===== DATA EXTRACTS =====

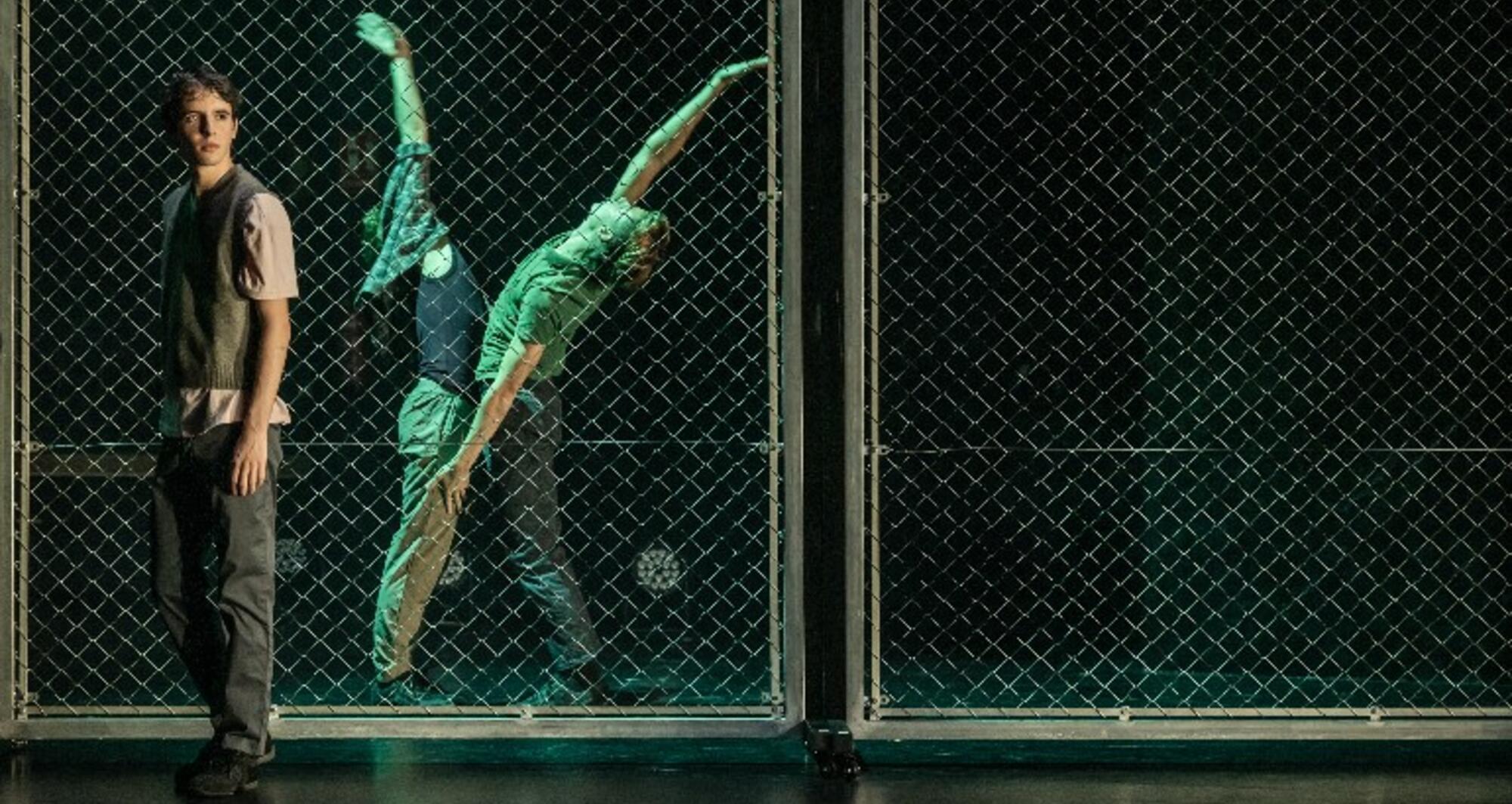 Foto 7 de l'espectacle Loneliness © May Zircus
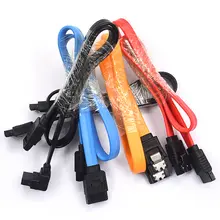 SATAデータケーブル【SATA3.0対応・ロック付き・約40センチ】
（セットアップ対応）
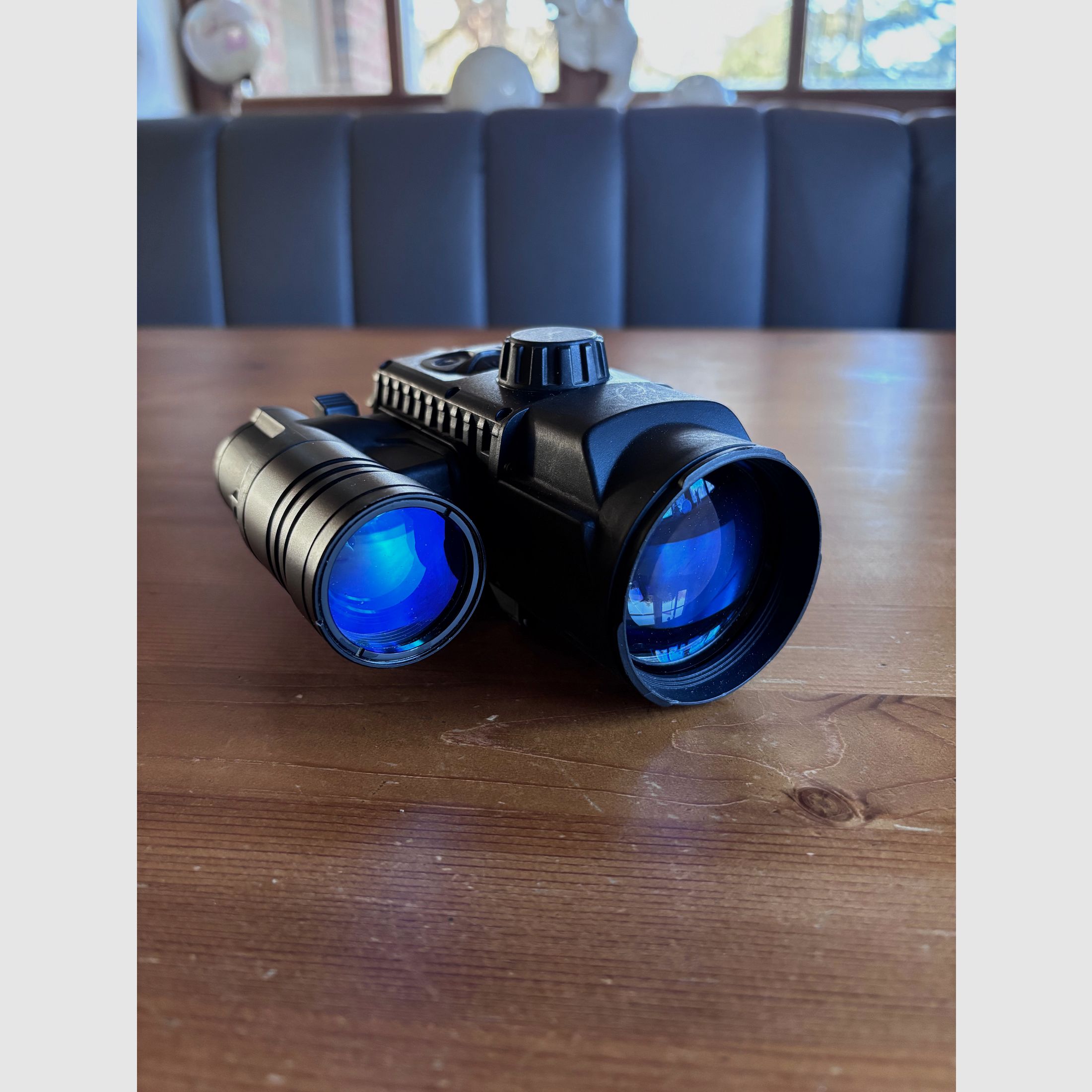 Voorzetapparaat Nachtzicht Pulsar FN455 + Ultra-X940 IR-Straler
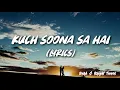 Kuch Soona Sa Hai ( Lyrics ) - Ayush Panda ft. Richa Ritambhara Das | Dark & Bright Tunes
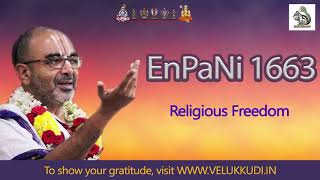 EnPani 1663 Religious Freedom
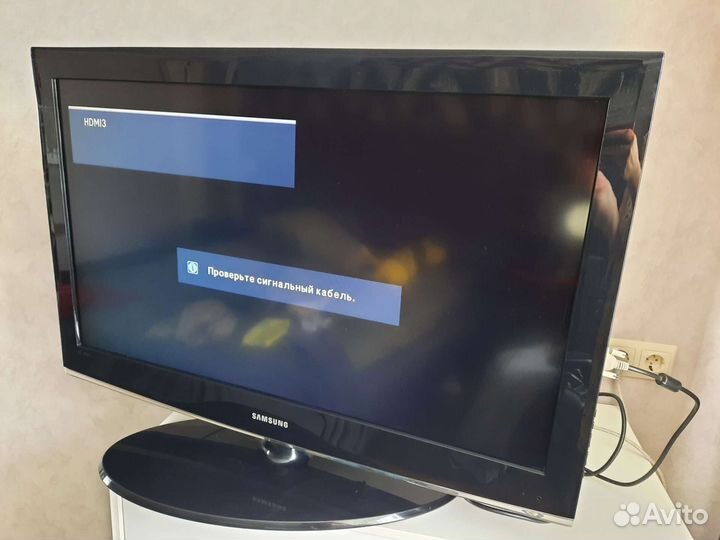 Телевизор samsung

=====

- [ABOUT THIS EXERCISE]
Repeat, word for word, each of the records, omitting any image they hold.

- [ANSWER TO THIS TASK]
 Foto 7 de l'espectacle Loneliness © May Zircus
 SATAデータケーブル【SATA3.0対応・ロック付き・約40センチ】
（セットアップ対応）
 Voorzetapparaat Nachtzicht Pulsar FN455 + Ultra-X940 IR-Straler
 Kuch Soona Sa Hai ( Lyrics ) - Ayush Panda ft. Richa Ritambhara Das | Dark & Bright Tunes
 EnPani 1663 Religious Freedom
 Телевизор samsung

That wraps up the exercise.